A friend suggested that some in this group may have an interest in this.
ruos stands for Retro Useless Operating System
ruos is an OS for the long-obsolete PDP11/70 from Digital Equipment Corporation. ruos runs
on the simh simulator for that machine. It was written completely from scratch in C and
assembler. On a modern machine, the kernel and user code builds in a few seconds.
Overview:
It can run something less than 64 processes simultaneously with one user on the console
and others on other serial ports.
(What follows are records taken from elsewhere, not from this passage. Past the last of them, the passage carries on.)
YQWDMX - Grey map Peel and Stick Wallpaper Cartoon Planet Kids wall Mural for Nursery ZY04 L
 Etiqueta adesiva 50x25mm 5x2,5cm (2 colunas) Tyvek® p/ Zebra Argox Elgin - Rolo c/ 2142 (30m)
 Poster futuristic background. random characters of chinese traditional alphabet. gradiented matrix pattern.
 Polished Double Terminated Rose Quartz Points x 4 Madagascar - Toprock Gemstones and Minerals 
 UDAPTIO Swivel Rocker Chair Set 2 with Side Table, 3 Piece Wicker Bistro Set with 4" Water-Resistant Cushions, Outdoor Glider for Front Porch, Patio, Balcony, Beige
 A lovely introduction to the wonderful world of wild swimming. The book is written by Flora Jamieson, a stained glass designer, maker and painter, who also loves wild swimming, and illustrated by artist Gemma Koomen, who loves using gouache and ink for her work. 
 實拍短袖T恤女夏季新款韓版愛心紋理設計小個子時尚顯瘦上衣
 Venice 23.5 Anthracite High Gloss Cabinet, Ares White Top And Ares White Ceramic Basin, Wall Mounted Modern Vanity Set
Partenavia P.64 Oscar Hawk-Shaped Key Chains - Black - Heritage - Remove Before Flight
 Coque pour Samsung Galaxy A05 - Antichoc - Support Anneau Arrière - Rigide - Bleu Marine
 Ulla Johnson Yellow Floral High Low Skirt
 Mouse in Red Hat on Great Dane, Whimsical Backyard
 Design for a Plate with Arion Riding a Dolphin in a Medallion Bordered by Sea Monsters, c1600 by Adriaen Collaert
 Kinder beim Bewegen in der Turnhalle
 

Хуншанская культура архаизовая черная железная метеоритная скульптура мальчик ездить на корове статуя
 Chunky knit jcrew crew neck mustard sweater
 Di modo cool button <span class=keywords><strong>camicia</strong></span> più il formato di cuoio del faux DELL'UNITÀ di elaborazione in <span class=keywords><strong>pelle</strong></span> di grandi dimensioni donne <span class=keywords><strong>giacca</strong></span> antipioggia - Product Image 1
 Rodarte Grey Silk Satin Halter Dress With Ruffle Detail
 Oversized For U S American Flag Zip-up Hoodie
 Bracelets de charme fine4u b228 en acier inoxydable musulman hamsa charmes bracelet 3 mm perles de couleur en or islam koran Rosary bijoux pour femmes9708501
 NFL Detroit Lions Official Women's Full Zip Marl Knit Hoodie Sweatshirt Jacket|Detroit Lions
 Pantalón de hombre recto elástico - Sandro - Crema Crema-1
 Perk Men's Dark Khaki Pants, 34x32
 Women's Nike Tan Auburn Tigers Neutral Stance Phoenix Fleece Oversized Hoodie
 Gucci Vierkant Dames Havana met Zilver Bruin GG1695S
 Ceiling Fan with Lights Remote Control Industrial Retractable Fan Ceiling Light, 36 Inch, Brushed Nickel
Equal priority CPU-bound tasks share the CPU.
The user program API includes a number of stdio-like C functions
ruos was built using the gcc toolchain for the PDP11 (Thanks for those toolchain bug fixes
Paul Koning!)
Each user process is given exactly 64kB for code, data, heap, and stack and is (mostly)
isolated from other processes
Users access the OS using a very simple unix-like shell for command execution with pipes
allowed
It does not have its own file system but uses a proxy for file IO. The proxy code (Python
3) is included.
Communication between the OS and the proxy is via UDP/IPv4/Ethernet.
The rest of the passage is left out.